TPU Index
TPU Index is a package for fast similarity search over large collections of high dimension vectors on TPUs. This package was built to support our project that we developed for https://tfworld.devpost.com/.
Uses:
- Dealing with a large number of vectors that do not fit on a CPU. TPU v2 has 8x8=64 gbs. TPU v3 has 16x8=128 gbs.
- Speed up similarity searches. On a colab TPU v2, a single cos similairty search of 19.5 million vectors of dimension 512 takes ~1.017 seconds.
Link to our project: https://devpost.com/software/naturallanguagerecommendations
Installation
!pip install tpu-index
Basic usage
from tpu_index import TPUIndex
index = TPUIndex(num_tpu_cores=8)
index.create_index(vectors) # vectors = numpy array, shape == [None, None]
...
D, I = index.search(xq, distance_metric='cosine', top_k=5)

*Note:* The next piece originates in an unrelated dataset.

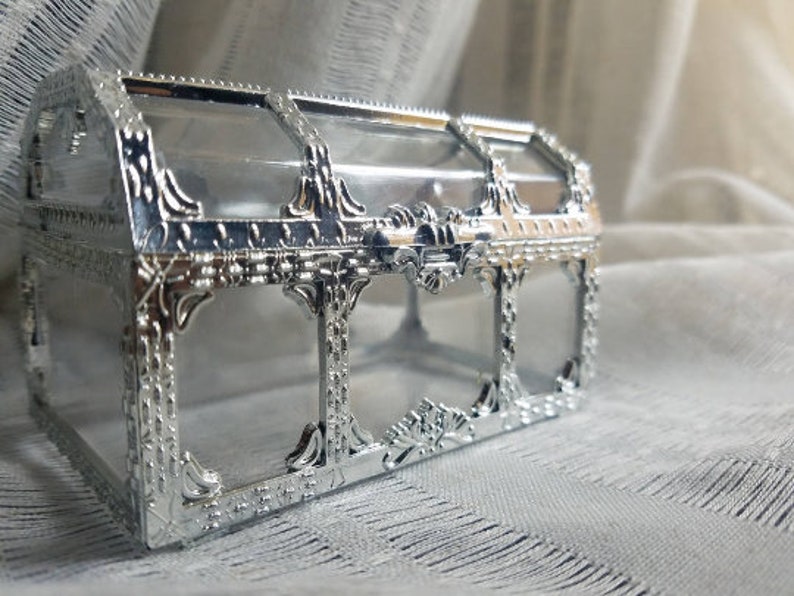 Small Silver and Clear Treasure Chest for Party Favors Cofre Etsy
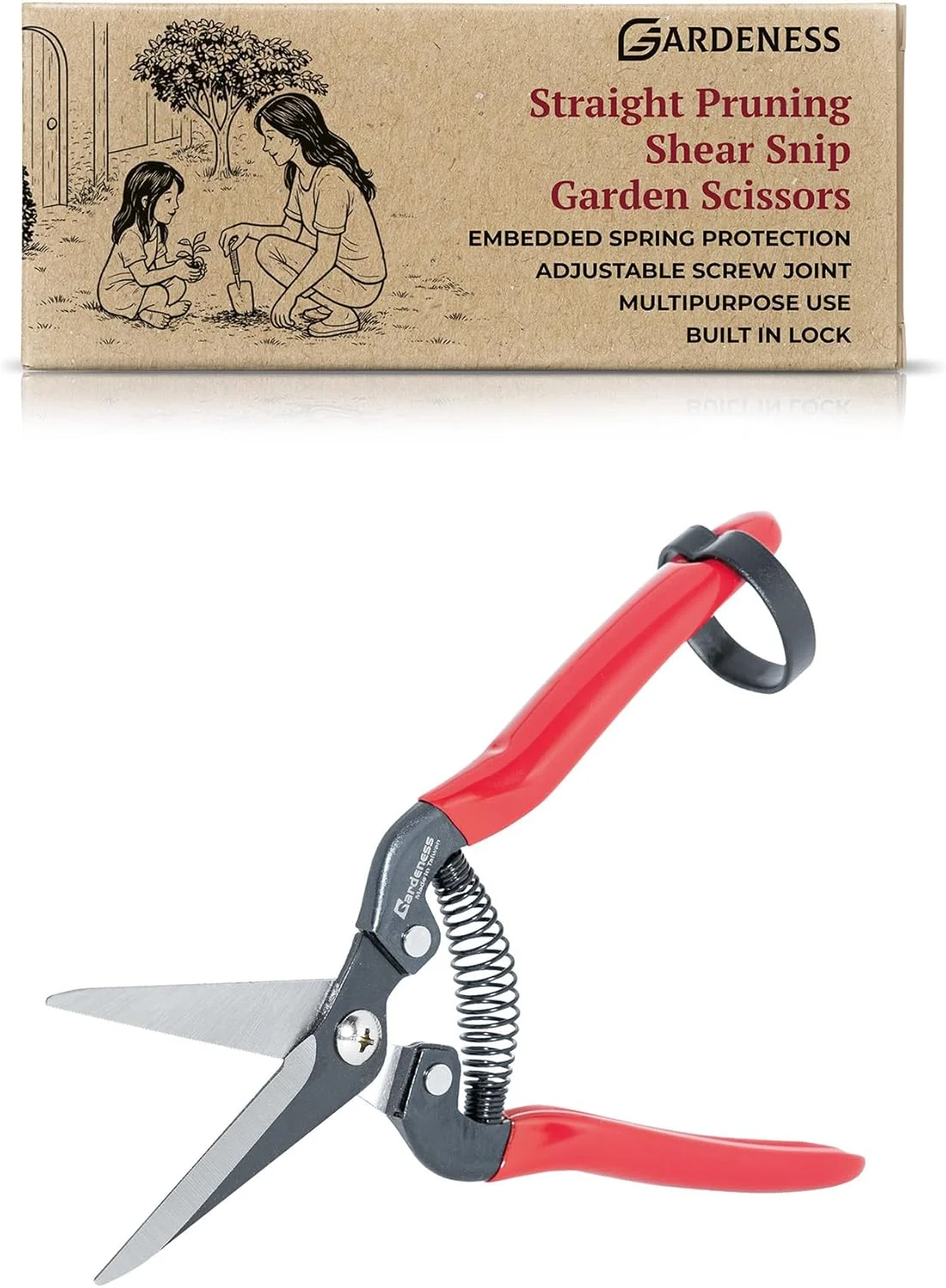 قیچی باغبانی مستقیم Gardeness با تیغه فولادی SK5، قیچی باغبانی، ابزار هرس برگ گل، چیدن میوه، قیچی باغبانی فوق العاده تیز، قیچی هرس بونسای، انبر بادوام و کم زحمت، هرس دستی، چند منظوره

For large numbers of vectors that do not fit on the CPU, add them in chunks
index.create_index(vectorsChunk1) # vectors = numpy array, shape == [None, None]
for file in files:
vectorChunk = np.load(file)
index.append_index(vectorChunk)
# Now perform search
D, I = index.search(xq, distance_metric='cosine', top_k=5)
ToDo:
- Add more distance metrics
- Optional GPU support